• _Your objective_:
Please output exactly the part of the records below that opens with the line containing "Фото 24 - Nissan X-Trail" and closes with the line containing "O Monte Carmo", both lines included, and nothing else.

Data records
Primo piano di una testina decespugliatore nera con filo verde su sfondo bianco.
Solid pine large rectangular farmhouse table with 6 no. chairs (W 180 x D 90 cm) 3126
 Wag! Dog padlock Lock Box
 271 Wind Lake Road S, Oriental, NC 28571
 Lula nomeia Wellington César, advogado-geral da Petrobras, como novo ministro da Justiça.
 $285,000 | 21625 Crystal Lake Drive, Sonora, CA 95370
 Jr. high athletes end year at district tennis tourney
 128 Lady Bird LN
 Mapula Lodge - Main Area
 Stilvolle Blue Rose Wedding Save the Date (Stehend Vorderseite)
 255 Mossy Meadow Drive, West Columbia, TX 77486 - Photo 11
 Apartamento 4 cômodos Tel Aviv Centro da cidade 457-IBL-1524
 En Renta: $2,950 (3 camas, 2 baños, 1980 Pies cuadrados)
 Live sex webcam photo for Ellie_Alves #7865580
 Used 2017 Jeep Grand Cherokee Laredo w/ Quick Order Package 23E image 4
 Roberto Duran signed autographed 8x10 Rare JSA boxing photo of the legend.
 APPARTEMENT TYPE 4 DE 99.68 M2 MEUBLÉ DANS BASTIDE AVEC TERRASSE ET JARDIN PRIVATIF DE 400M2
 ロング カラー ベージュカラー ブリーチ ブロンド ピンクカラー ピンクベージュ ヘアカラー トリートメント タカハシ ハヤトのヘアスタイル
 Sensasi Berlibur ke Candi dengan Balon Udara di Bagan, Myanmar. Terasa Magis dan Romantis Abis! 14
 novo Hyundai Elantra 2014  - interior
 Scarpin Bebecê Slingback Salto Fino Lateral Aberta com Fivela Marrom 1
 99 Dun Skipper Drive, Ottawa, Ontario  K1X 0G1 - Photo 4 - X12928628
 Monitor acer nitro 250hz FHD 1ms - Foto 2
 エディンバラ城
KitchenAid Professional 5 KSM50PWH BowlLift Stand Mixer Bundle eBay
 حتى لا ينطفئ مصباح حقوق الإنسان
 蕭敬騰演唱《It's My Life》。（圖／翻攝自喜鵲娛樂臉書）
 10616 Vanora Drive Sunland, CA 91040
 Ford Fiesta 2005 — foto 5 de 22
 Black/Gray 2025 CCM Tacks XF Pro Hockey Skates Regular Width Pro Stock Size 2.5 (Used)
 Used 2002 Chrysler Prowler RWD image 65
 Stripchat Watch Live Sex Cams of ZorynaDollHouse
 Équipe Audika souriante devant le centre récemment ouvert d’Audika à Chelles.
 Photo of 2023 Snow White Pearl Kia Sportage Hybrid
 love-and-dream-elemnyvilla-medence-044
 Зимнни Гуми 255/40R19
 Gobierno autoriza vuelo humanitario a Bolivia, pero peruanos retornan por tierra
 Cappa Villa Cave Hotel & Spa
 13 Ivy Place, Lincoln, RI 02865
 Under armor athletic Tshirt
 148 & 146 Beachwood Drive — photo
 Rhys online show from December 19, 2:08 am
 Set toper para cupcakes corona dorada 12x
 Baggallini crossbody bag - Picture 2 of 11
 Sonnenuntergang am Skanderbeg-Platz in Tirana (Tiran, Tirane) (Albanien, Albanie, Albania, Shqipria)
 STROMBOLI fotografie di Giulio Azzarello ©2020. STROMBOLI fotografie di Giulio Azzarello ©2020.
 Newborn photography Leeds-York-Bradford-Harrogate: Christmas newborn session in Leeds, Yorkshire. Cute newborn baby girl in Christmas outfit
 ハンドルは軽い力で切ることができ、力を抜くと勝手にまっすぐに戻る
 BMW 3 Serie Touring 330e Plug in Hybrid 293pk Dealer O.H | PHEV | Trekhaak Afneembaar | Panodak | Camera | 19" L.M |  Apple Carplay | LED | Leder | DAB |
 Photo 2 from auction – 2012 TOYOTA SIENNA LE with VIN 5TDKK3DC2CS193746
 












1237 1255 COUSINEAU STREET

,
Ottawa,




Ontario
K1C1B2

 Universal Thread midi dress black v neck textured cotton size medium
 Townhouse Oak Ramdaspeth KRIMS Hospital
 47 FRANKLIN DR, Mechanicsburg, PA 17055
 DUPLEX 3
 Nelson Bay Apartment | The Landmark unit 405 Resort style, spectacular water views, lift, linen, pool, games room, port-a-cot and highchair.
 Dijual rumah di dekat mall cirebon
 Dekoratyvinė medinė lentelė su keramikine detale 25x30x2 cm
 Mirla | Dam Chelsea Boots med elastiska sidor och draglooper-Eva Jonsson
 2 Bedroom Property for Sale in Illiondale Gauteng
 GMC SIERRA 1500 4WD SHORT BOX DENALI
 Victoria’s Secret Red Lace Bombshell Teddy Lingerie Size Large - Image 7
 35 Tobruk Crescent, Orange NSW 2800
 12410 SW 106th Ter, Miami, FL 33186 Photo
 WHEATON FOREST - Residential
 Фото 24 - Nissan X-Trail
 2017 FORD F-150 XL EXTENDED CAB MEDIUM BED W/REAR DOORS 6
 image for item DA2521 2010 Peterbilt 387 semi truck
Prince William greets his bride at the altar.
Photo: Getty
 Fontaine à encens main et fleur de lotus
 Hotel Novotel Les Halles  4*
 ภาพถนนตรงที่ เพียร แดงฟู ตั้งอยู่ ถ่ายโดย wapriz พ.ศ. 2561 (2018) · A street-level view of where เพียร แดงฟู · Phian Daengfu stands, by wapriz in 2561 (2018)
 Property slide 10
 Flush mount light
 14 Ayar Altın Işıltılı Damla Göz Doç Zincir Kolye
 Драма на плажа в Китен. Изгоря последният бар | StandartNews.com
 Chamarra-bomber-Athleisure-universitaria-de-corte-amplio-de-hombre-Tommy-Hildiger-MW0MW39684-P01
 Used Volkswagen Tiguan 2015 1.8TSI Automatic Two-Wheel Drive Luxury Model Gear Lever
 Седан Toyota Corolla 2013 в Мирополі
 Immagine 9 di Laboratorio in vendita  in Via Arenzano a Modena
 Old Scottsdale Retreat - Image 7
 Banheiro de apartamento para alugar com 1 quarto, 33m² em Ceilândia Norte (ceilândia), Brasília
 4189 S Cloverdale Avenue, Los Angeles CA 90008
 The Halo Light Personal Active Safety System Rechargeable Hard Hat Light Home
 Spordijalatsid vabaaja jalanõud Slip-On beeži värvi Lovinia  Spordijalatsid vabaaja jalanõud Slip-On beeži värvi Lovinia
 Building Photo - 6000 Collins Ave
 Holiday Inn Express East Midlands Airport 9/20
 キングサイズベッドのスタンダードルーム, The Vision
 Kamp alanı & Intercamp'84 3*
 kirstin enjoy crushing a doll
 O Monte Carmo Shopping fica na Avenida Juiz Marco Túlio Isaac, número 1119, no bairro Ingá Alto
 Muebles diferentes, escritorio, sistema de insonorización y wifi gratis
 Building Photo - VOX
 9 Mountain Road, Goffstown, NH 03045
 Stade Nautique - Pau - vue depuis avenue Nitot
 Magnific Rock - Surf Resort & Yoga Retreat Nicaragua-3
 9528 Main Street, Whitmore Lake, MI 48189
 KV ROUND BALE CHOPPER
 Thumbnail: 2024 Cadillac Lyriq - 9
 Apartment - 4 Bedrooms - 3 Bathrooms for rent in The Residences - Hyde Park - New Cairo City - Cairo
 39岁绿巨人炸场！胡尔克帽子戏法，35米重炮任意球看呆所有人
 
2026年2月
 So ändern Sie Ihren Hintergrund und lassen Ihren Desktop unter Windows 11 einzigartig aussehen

• _Output for this exercise_:
 Фото 24 - Nissan X-Trail
 2017 FORD F-150 XL EXTENDED CAB MEDIUM BED W/REAR DOORS 6
 image for item DA2521 2010 Peterbilt 387 semi truck
Prince William greets his bride at the altar.
Photo: Getty
 Fontaine à encens main et fleur de lotus
 Hotel Novotel Les Halles  4*
 ภาพถนนตรงที่ เพียร แดงฟู ตั้งอยู่ ถ่ายโดย wapriz พ.ศ. 2561 (2018) · A street-level view of where เพียร แดงฟู · Phian Daengfu stands, by wapriz in 2561 (2018)
 Property slide 10
 Flush mount light
 14 Ayar Altın Işıltılı Damla Göz Doç Zincir Kolye
 Драма на плажа в Китен. Изгоря последният бар | StandartNews.com
 Chamarra-bomber-Athleisure-universitaria-de-corte-amplio-de-hombre-Tommy-Hildiger-MW0MW39684-P01
 Used Volkswagen Tiguan 2015 1.8TSI Automatic Two-Wheel Drive Luxury Model Gear Lever
 Седан Toyota Corolla 2013 в Мирополі
 Immagine 9 di Laboratorio in vendita  in Via Arenzano a Modena
 Old Scottsdale Retreat - Image 7
 Banheiro de apartamento para alugar com 1 quarto, 33m² em Ceilândia Norte (ceilândia), Brasília
 4189 S Cloverdale Avenue, Los Angeles CA 90008
 The Halo Light Personal Active Safety System Rechargeable Hard Hat Light Home
 Spordijalatsid vabaaja jalanõud Slip-On beeži värvi Lovinia  Spordijalatsid vabaaja jalanõud Slip-On beeži värvi Lovinia
 Building Photo - 6000 Collins Ave
 Holiday Inn Express East Midlands Airport 9/20
 キングサイズベッドのスタンダードルーム, The Vision
 Kamp alanı & Intercamp'84 3*
 kirstin enjoy crushing a doll
 O Monte Carmo Shopping fica na Avenida Juiz Marco Túlio Isaac, número 1119, no bairro Ingá Alto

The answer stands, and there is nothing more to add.